Please repeat exactly the lines below from the line with "Llavero Adorable Cow Hamburger" to the line with "Obraz premium Misty", including both, and leave out every picture.

*** WORKING DATA ***

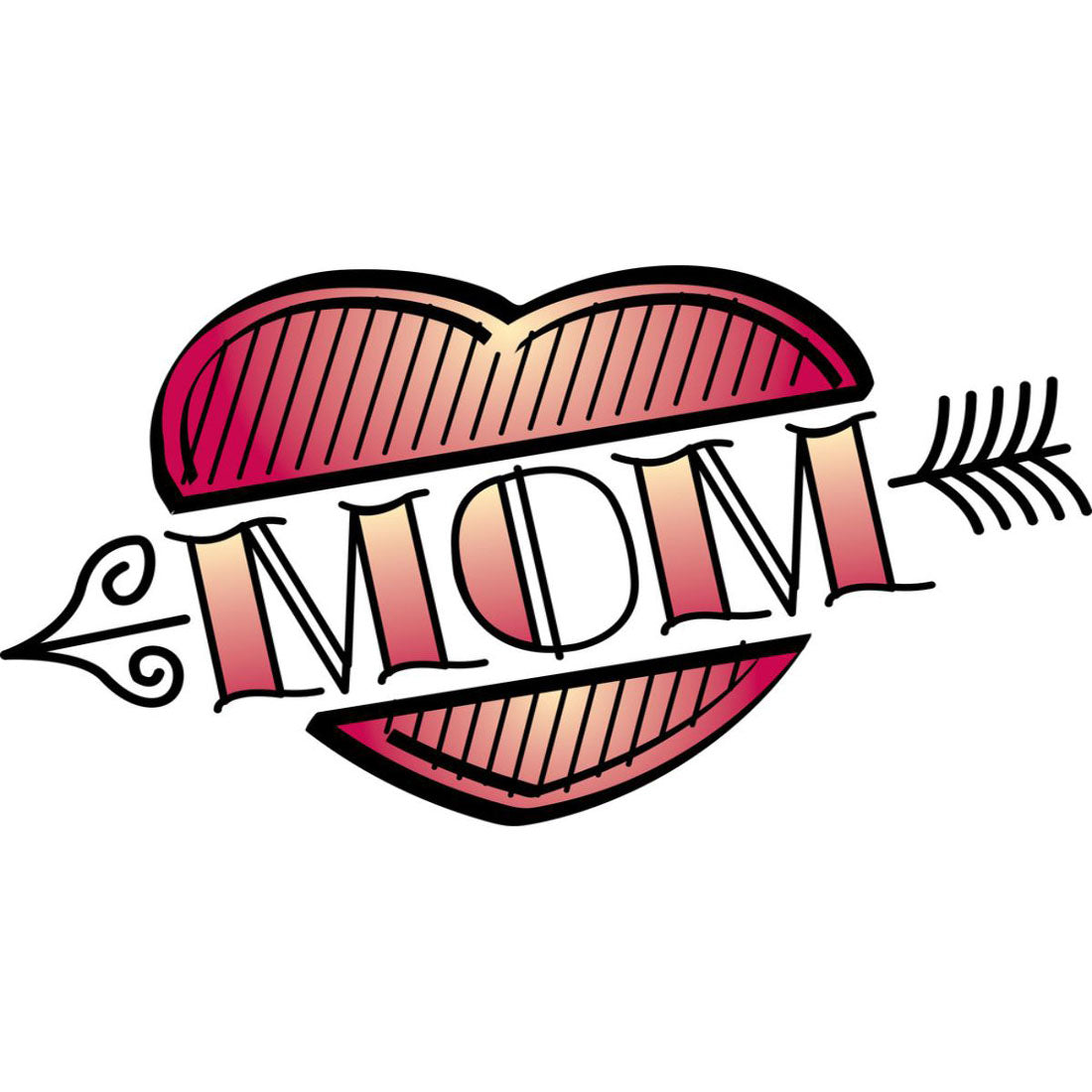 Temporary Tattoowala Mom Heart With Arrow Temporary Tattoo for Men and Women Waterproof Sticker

*** End of WORKING DATA ***
*** WORKING DATA ***

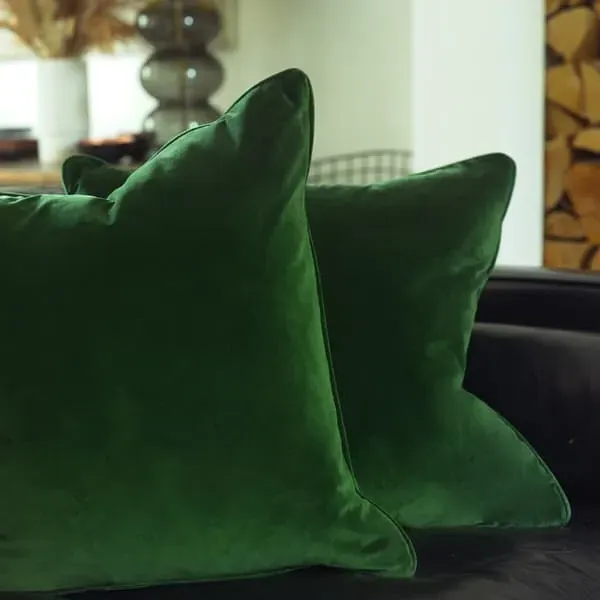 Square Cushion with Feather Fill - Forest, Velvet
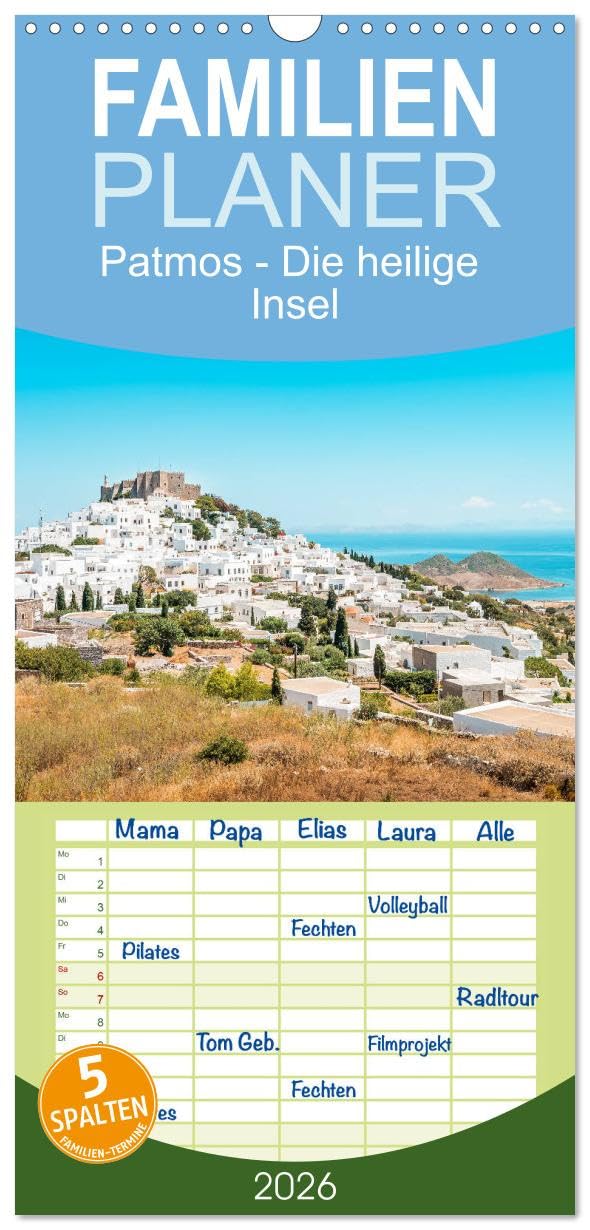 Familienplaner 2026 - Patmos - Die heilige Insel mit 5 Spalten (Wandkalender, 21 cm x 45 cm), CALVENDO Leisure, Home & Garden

*** End of WORKING DATA ***
*** WORKING DATA ***

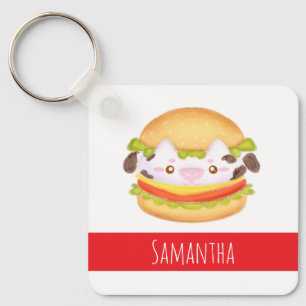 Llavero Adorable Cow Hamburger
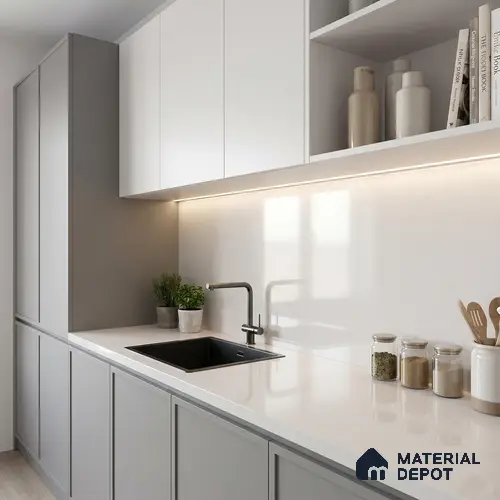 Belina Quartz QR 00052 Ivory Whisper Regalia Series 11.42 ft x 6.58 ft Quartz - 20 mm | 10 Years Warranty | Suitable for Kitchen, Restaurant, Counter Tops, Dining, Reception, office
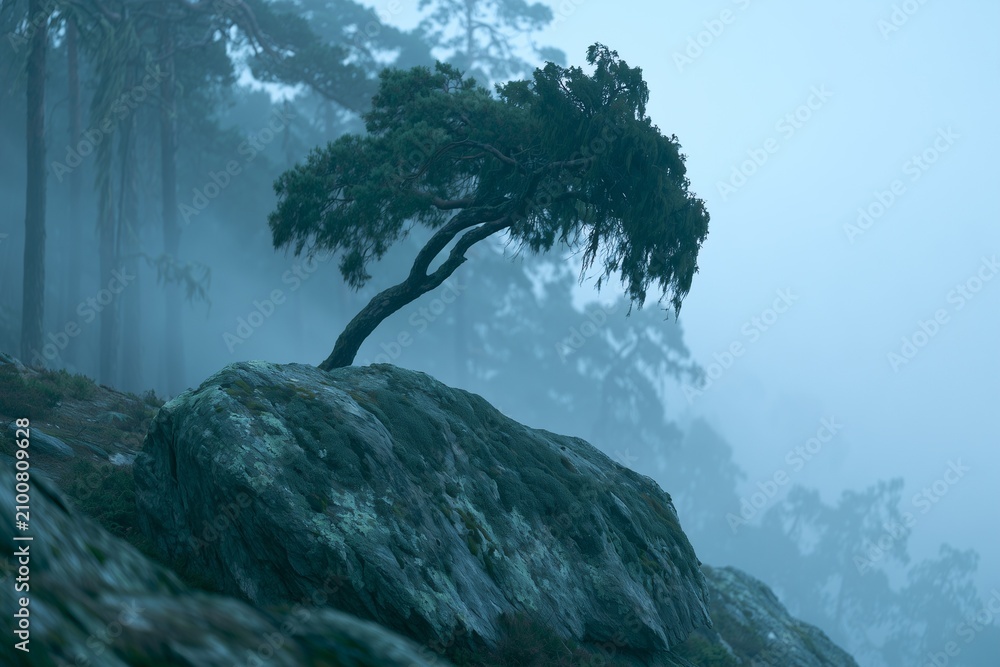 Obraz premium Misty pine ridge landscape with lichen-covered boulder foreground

*** End of WORKING DATA ***

EXERCISE RESULT:
 Llavero Adorable Cow Hamburger
 Belina Quartz QR 00052 Ivory Whisper Regalia Series 11.42 ft x 6.58 ft Quartz - 20 mm | 10 Years Warranty | Suitable for Kitchen, Restaurant, Counter Tops, Dining, Reception, office
 Obraz premium Misty pine ridge landscape with lichen-covered boulder foreground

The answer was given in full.